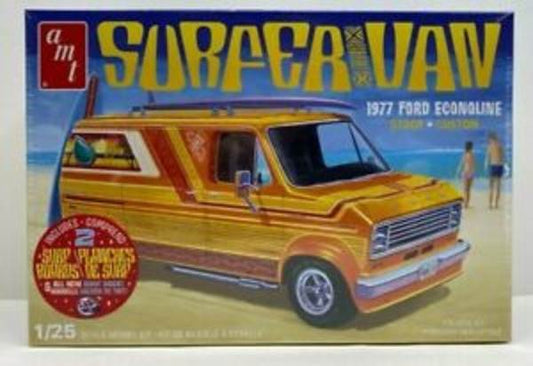 Surfer Van: 1977 Ford Econoline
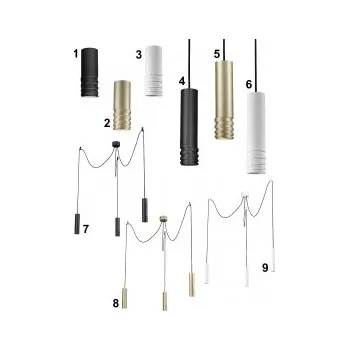 Bodové svítidlo Azzardo Azd-AZ3125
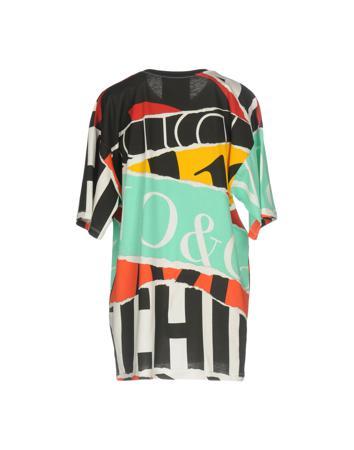 Футболка MOSCHINO COUTURE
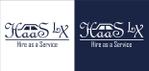 結 (galbinaengmyeon)さんのハイヤーサービス「HaaS LX」のロゴへの提案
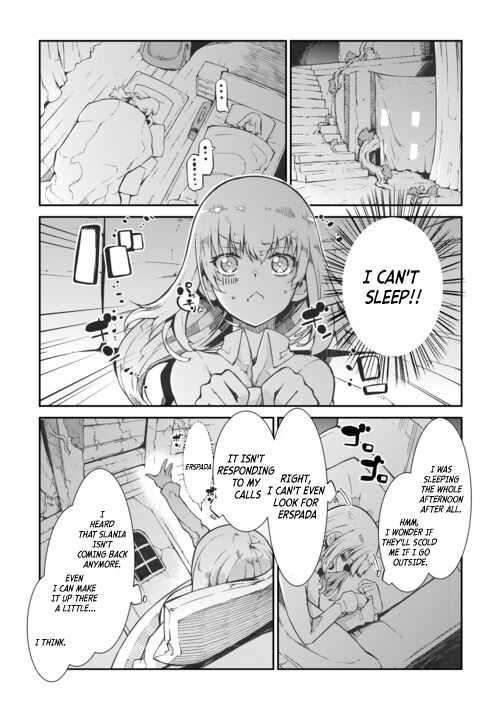 Sayounara Ryuusei, Konnichiwa Jinsei chapter 83 page 3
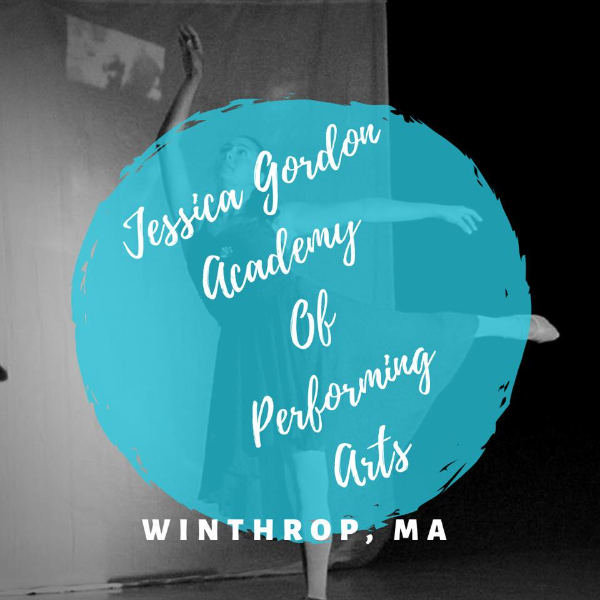 Jessica Gordon’s Academy Of Performing Arts logo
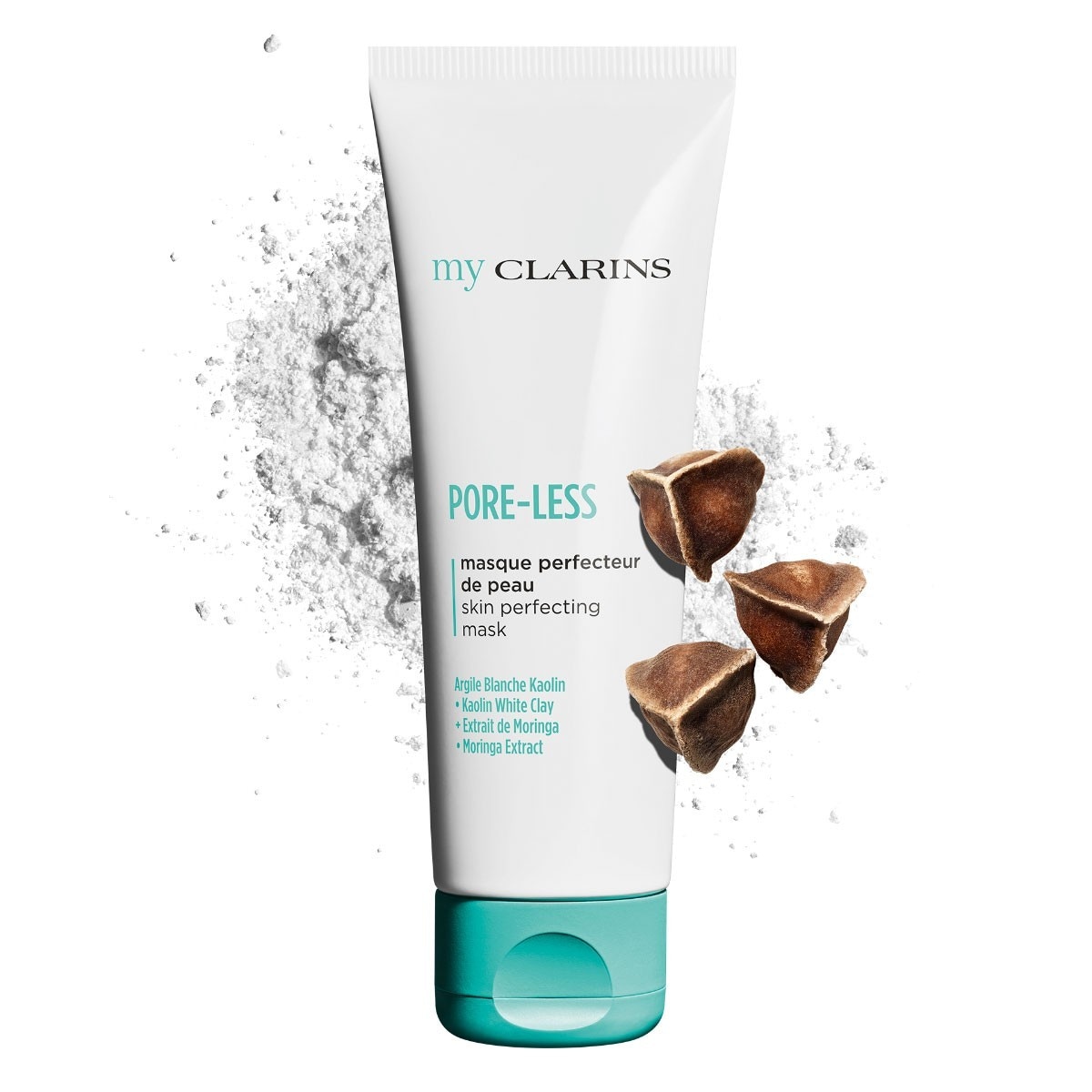 Pore-Less Skin Mask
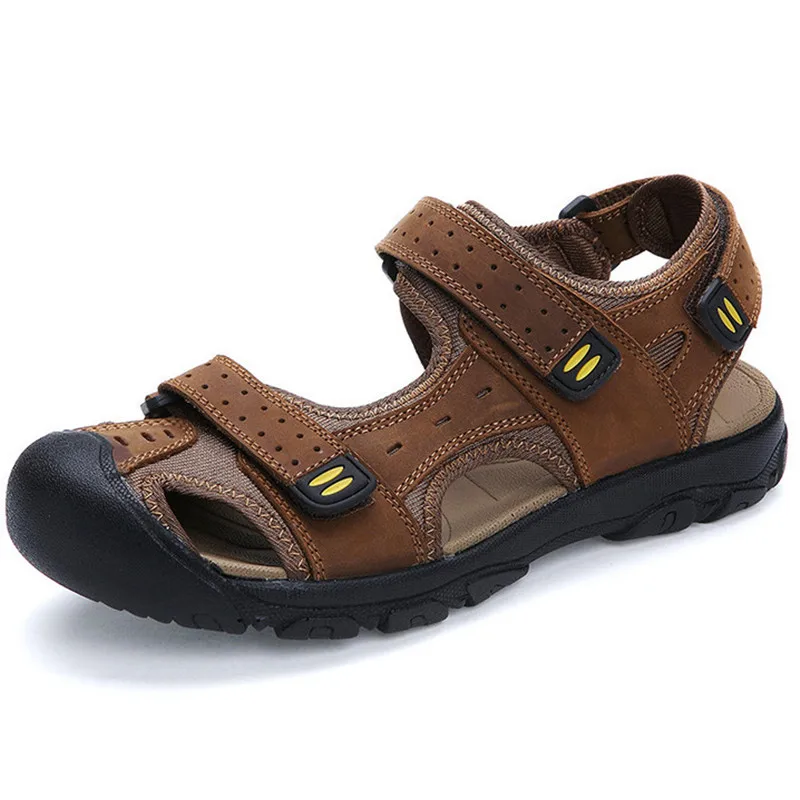 classy sandals for men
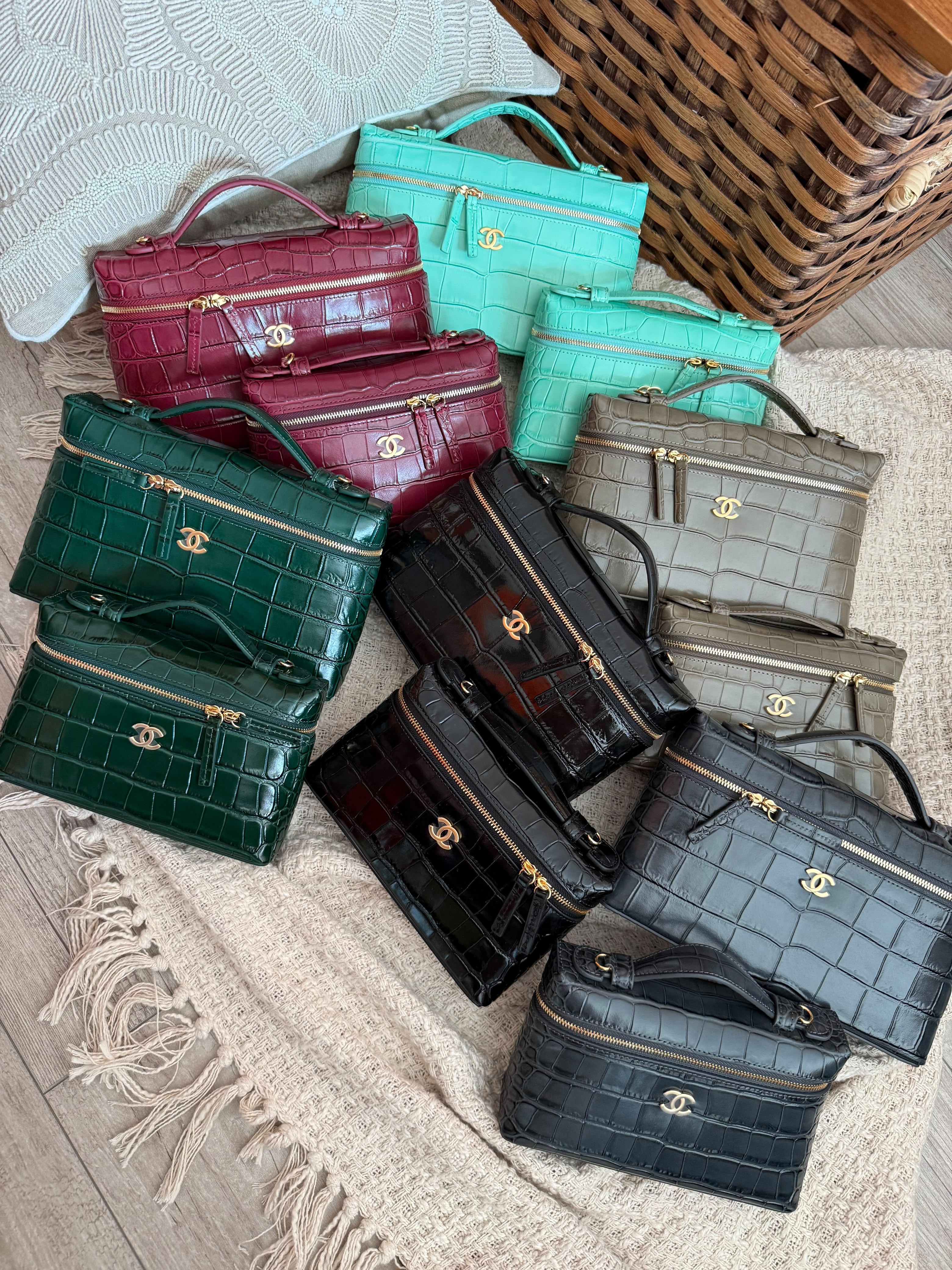 Chanel bags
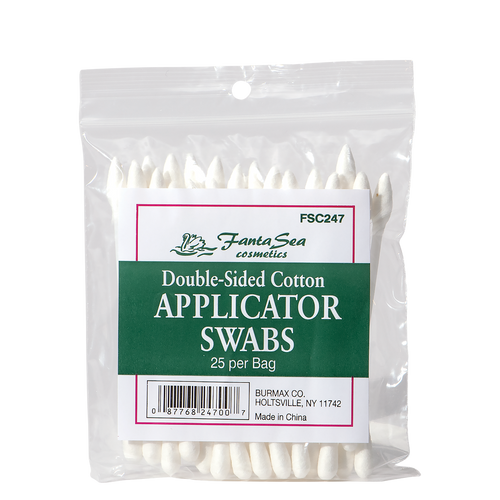 Cotton-Tipped Applicators (25 Pack)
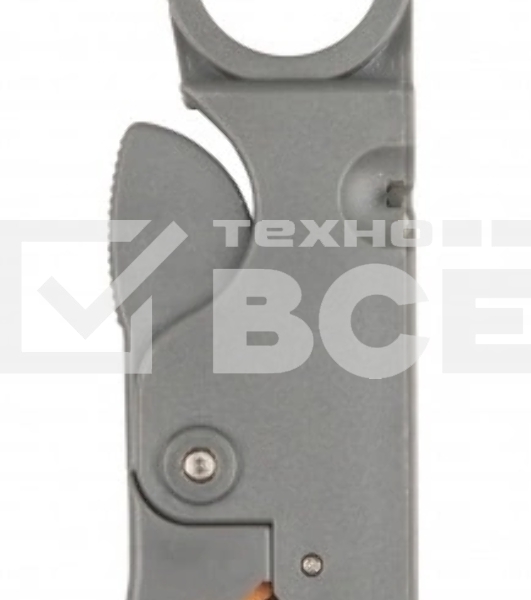 Инструмент обжимной WRline WR-312B для RJ-58/RG-59/RG-62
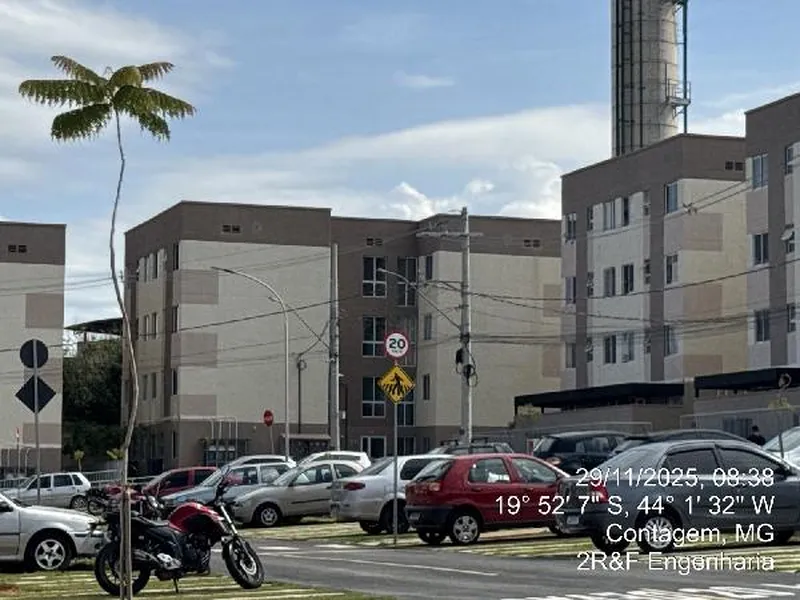 Apartamento em Leilão Extrajudicial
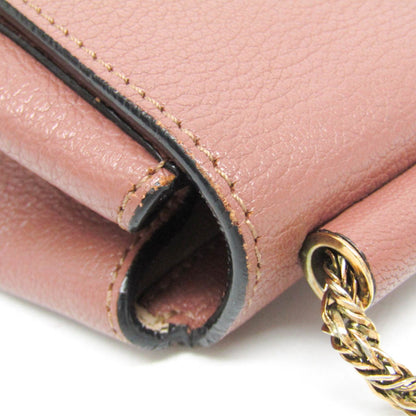 Chloé Others Pink Shoulder Bags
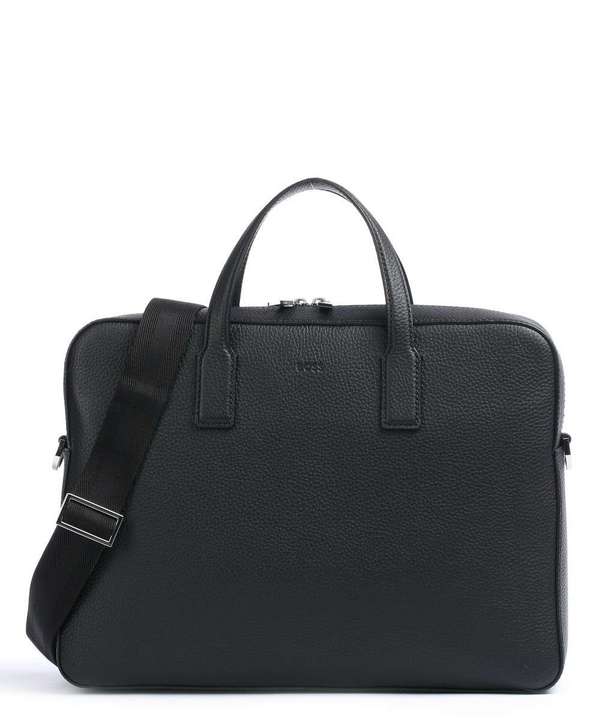 1669212796673202.jpeg BOSS Hugo Boss 雨果·博斯 Crosstown_Double Doc 男士意大利真皮公文包50481309新低1829.73元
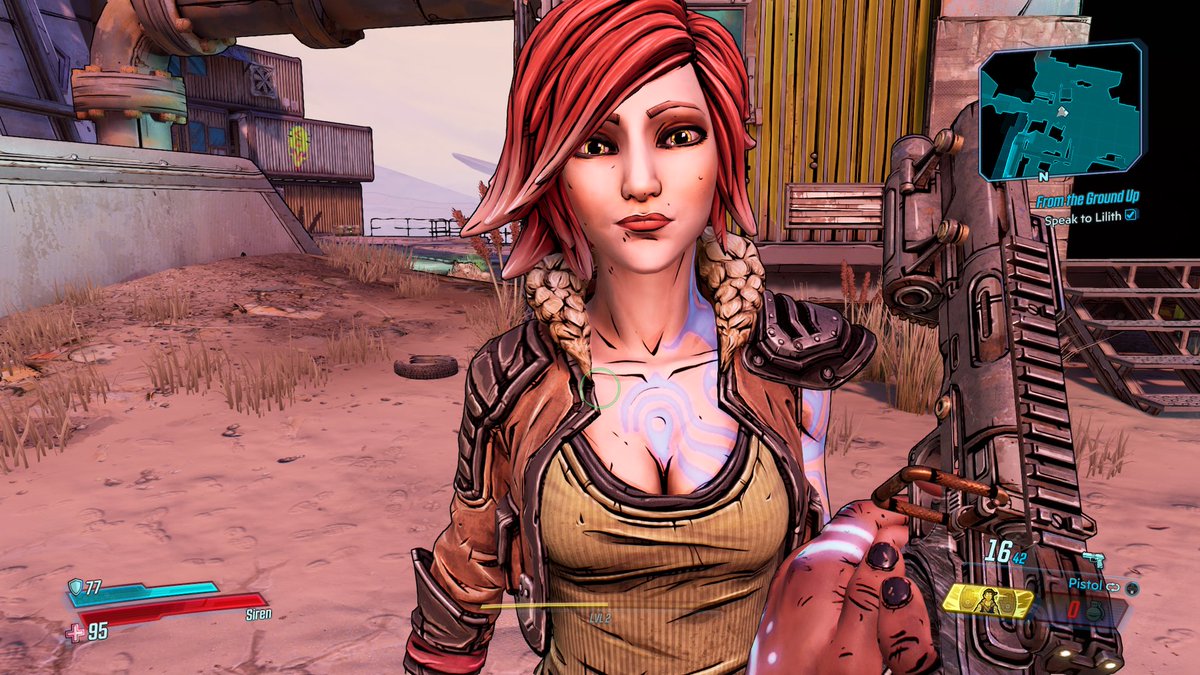 RobertWardle1's tweet photo. #XboxShare #Borderlands3 https://t.co/aPdLOM0dB4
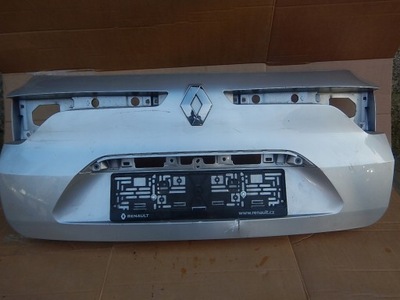 Накладка кришки задня renault megane iv kombi фото №1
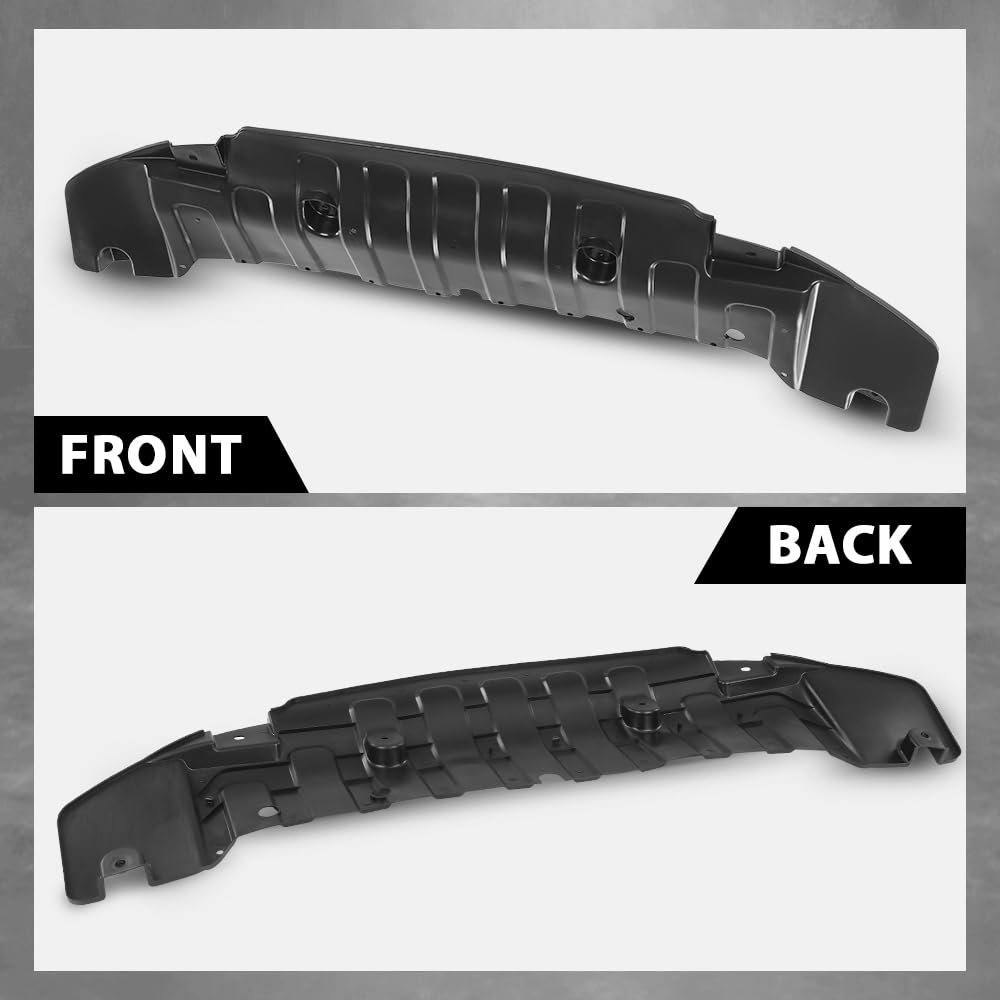 G-PLUS Front Engine Under Cover Splash Shield Compatible with Hyundai Elantra Sedan 2011-2013 HY1228166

☆ ☆ ☆ ☆ ☆

_Task to complete_. Everything from the line holding "Pore-Less Skin Mask" through the last line of the listing should be written out exactly, except for the pictures.

_Answer to the exercise_.
 Pore-Less Skin Mask
 classy sandals for men
 Chanel bags
 Cotton-Tipped Applicators (25 Pack)
 Инструмент обжимной WRline WR-312B для RJ-58/RG-59/RG-62
 Apartamento em Leilão Extrajudicial
 Chloé Others Pink Shoulder Bags
 1669212796673202.jpeg BOSS Hugo Boss 雨果·博斯 Crosstown_Double Doc 男士意大利真皮公文包50481309新低1829.73元
 RobertWardle1's tweet photo. #XboxShare #Borderlands3 https://t.co/aPdLOM0dB4
 Накладка кришки задня renault megane iv kombi фото №1
 G-PLUS Front Engine Under Cover Splash Shield Compatible with Hyundai Elantra Sedan 2011-2013 HY1228166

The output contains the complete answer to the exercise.